At the same time, some manufacturing and cycle theme funds are quietly rising. Guangfa high-end manufacturing, Chuang jinhexin industrial cycle selection and ICBC Credit Suisse high-end manufacturing industries all performed well. For example, as of November 25, the growth rate of its net share value has reached 94.21%, ranking the top.
The cyclical industry has not performed very well since the beginning of 2018, and has been worse than the overall market until the first half of this year. For a long time in the past, the structural market of the market was very obvious. The growth of consumption, science and technology, and pharmaceutical sectors was very large, while the performance of other assets was not so good. In fact, since July this year, there have been obvious changes in the procyclical plate. Since this period of time, the procyclical plate has obvious excess returns relative to the market, and this trend is expected to continue. Tian Hong cycle strategy, Tian Hong quality growth fund manager Gu Qibin said.
Procyclical plate attracts attention
Although the battle situation of ranking is stuck, but with the end of the year approaching, some fund managers said that it is difficult to win short-term ranking. Different fund managers have different operations. I think its a bit longer. We started to lay out the plan for next year recently, and we wont change our strategy because of the end of the year. A fund manager said: but the problem is that, in recent times, the operation of adjusting positions and exchanging shares has tested people.
Looking forward to the future, pro cyclical assets have become the focus of many fund managers. Gu Qibin said that the future economic recovery will be stronger than expected, not only in China, but also in the global economy. Therefore, this round of economic recovery will last for a long time, and the excellent performance of procyclical assets is just at the beginning.
Gu Qibin believes that in the context of the global economic recovery, pro cyclical assets are expected to be revalued. At present, the valuation levels of Pro cyclical assets are at the bottom of history, and the valuation gap between them and weak cyclical assets has widened to the historical extreme value. For pro cyclical assets, once the economy returns to normal and the economic growth rate goes up next year, this part of assets is very likely to usher in Davis double click.

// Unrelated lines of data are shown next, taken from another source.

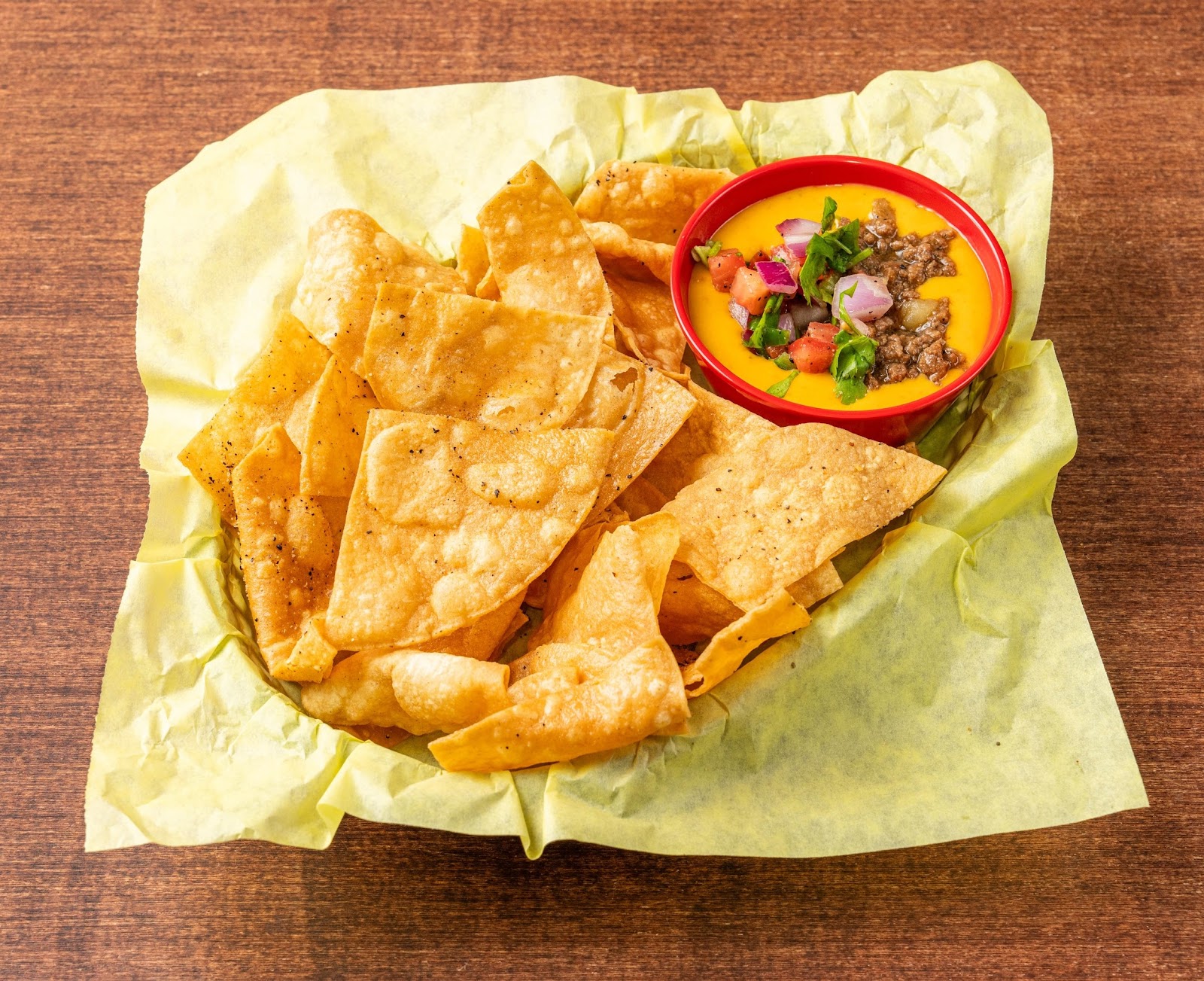 Chips and queso at Tomel's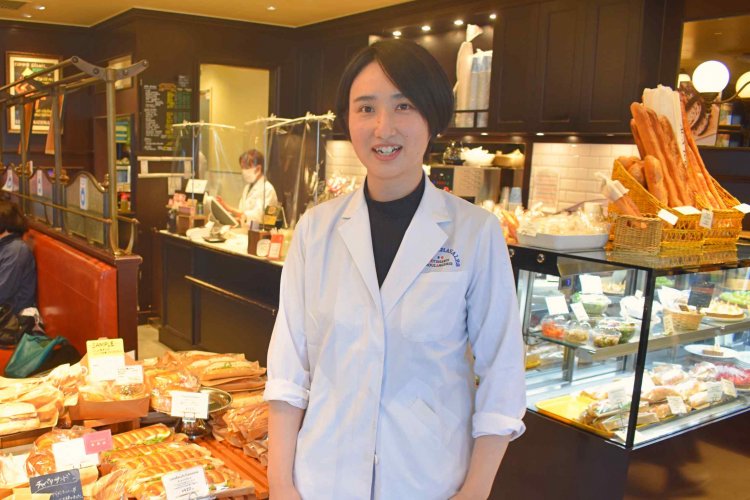 お話を伺った、店長の高橋さん。「働いていて、お店が賑わっている時の活気がエネルギーです」。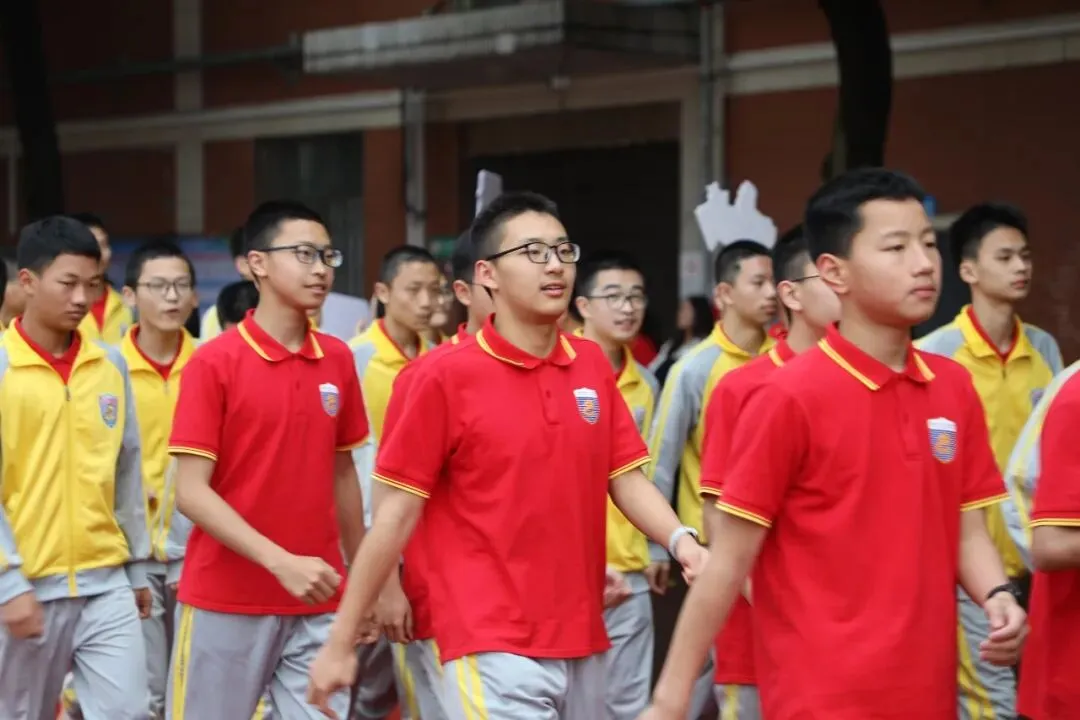 泸二外举行2026届中考倒计时60天誓师大会 第17张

The market view released by China Merchants Fund points out that the current market is fluctuating upward, and the main line of the market is switching to low value Pro cyclical varieties. Under the background of overseas risk mitigation, foreign capital return and sustained domestic economic recovery, the overall index is expected to start a cross-year market. It is suggested to pay attention to low value procyclical varieties with deep macroeconomic recovery and improved prosperity, such as the supplementary rise opportunities of financial real estate and resource stocks, and the valuation repair market of science and technology industry chain.